- **THE PROBLEM**: The response should be the records below, repeated exactly, with each picture left out.

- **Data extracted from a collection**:
* * * * * * *

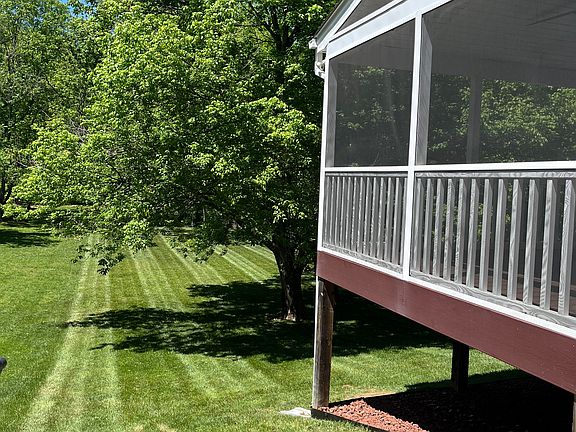 5th image of 2918 Green Ridge Rd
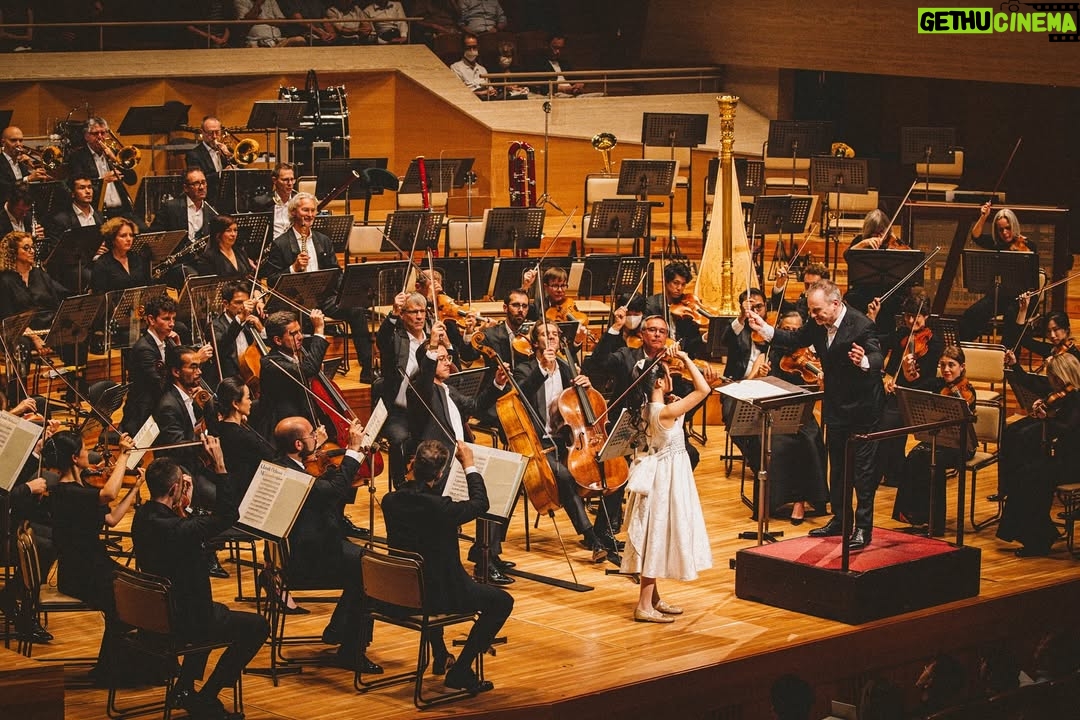 HIMARI - 5.2K Likes - THANK YOU! TOKYO🇯🇵🇨🇭

ORCHESTRE
DE LA SUISSE
ROMANDE
ASIA TOUR 2025

JONATHAN NOTT, CONDUCTOR
HIMARI, VIOLIN

WED. JULY 9
SUNTORY HALL

ジョナサン・ノット指揮
スイス・ロマンド管弦楽団
HIMARI（ヴァイオリン）

2025年7月9日（水）19:00
サントリーホール

..............

ORCHESTRE
DE LA SUISSE
ROMANDE
ASIA TOUR 2025

JONATHAN NOTT, CONDUCTOR
YANG IN MO, VIOLIN
GEORGE LI, PIANO
MICHIAKI UENO, CELLO
HIMARI, VIOLIN

BEIJING 
THU. JULY 3
NATIONAL CENTRE FOR THE PERFORMING ARTS

SEOUL
SAT. JULY 5
SUN. JULY 6
LOTTE CONCERT HALL

KANAGAWA
TUE. JULY 8
MUZA KAWASAKI SYMPHONY HALL

TOKYO
WED. JULY 9
SUNTORY HALL

KYOTO
FRI. JULY 11
KYOTO CONCERT HALL

TOTTORI
SAT. JULY 12
TORIGIN CULTURAL CENTER RIKA HALL

AICHI
SUN. JULY 13
AICHI PREFECTURAL ART THEATER 

#jonathannott #osr #orchestredelasuisseromande #michiakiueno #himari #ジョナサンノット #ノット #スイスロマンド管弦楽団 #上野通明 
@osrorchestre @michiaki_ueno @himariviolin.official 

📸 @nishimaki_tkmi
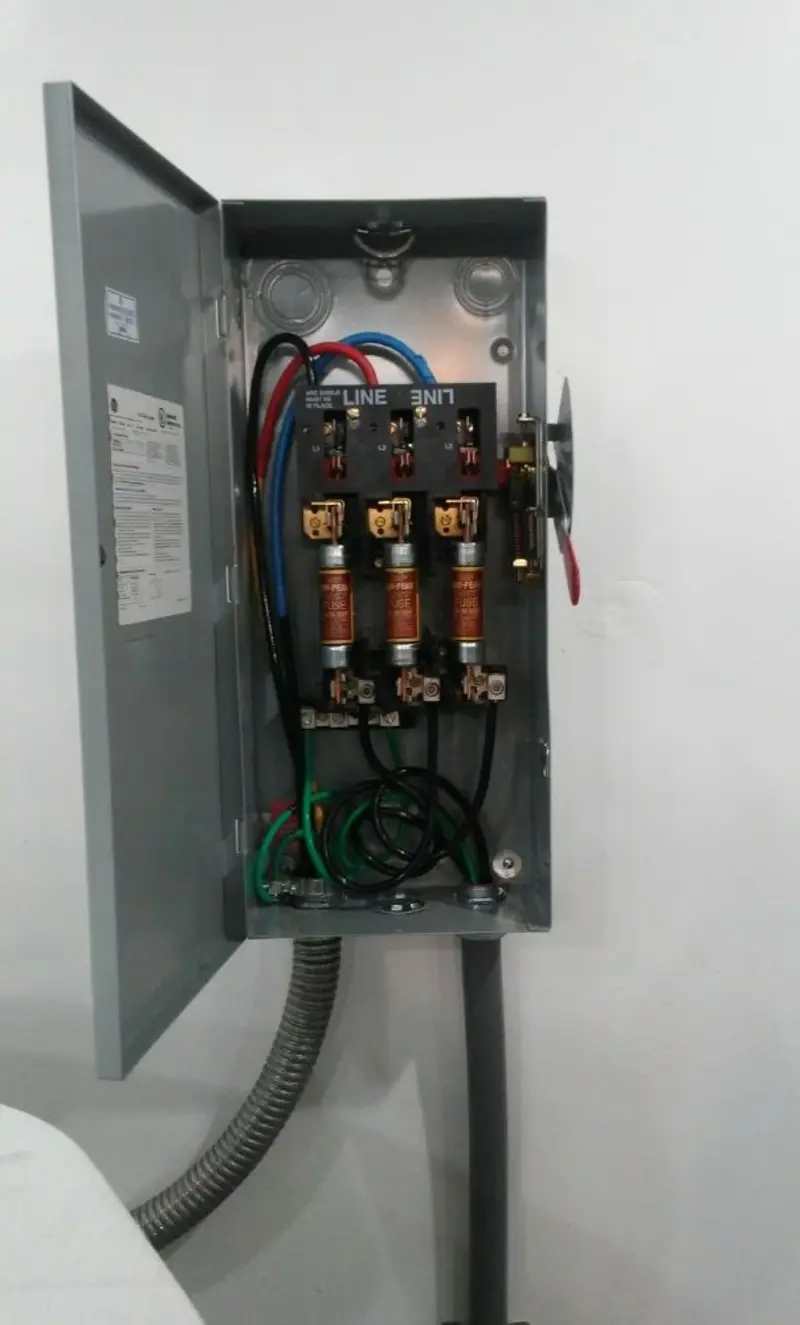 Three-phase disconnect switch installed for Smoke Detector Installation in Maeser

* * * * * * *

- **ANSWER TO THIS TASK**:
 5th image of 2918 Green Ridge Rd
 HIMARI - 5.2K Likes - THANK YOU! TOKYO🇯🇵🇨🇭

ORCHESTRE
DE LA SUISSE
ROMANDE
ASIA TOUR 2025

JONATHAN NOTT, CONDUCTOR
HIMARI, VIOLIN

WED. JULY 9
SUNTORY HALL

ジョナサン・ノット指揮
スイス・ロマンド管弦楽団
HIMARI（ヴァイオリン）

2025年7月9日（水）19:00
サントリーホール

..............

ORCHESTRE
DE LA SUISSE
ROMANDE
ASIA TOUR 2025

JONATHAN NOTT, CONDUCTOR
YANG IN MO, VIOLIN
GEORGE LI, PIANO
MICHIAKI UENO, CELLO
HIMARI, VIOLIN

BEIJING 
THU. JULY 3
NATIONAL CENTRE FOR THE PERFORMING ARTS

SEOUL
SAT. JULY 5
SUN. JULY 6
LOTTE CONCERT HALL

KANAGAWA
TUE. JULY 8
MUZA KAWASAKI SYMPHONY HALL

TOKYO
WED. JULY 9
SUNTORY HALL

KYOTO
FRI. JULY 11
KYOTO CONCERT HALL

TOTTORI
SAT. JULY 12
TORIGIN CULTURAL CENTER RIKA HALL

AICHI
SUN. JULY 13
AICHI PREFECTURAL ART THEATER 

#jonathannott #osr #orchestredelasuisseromande #michiakiueno #himari #ジョナサンノット #ノット #スイスロマンド管弦楽団 #上野通明 
@osrorchestre @michiaki_ueno @himariviolin.official 

📸 @nishimaki_tkmi
 Three-phase disconnect switch installed for Smoke Detector Installation in Maeser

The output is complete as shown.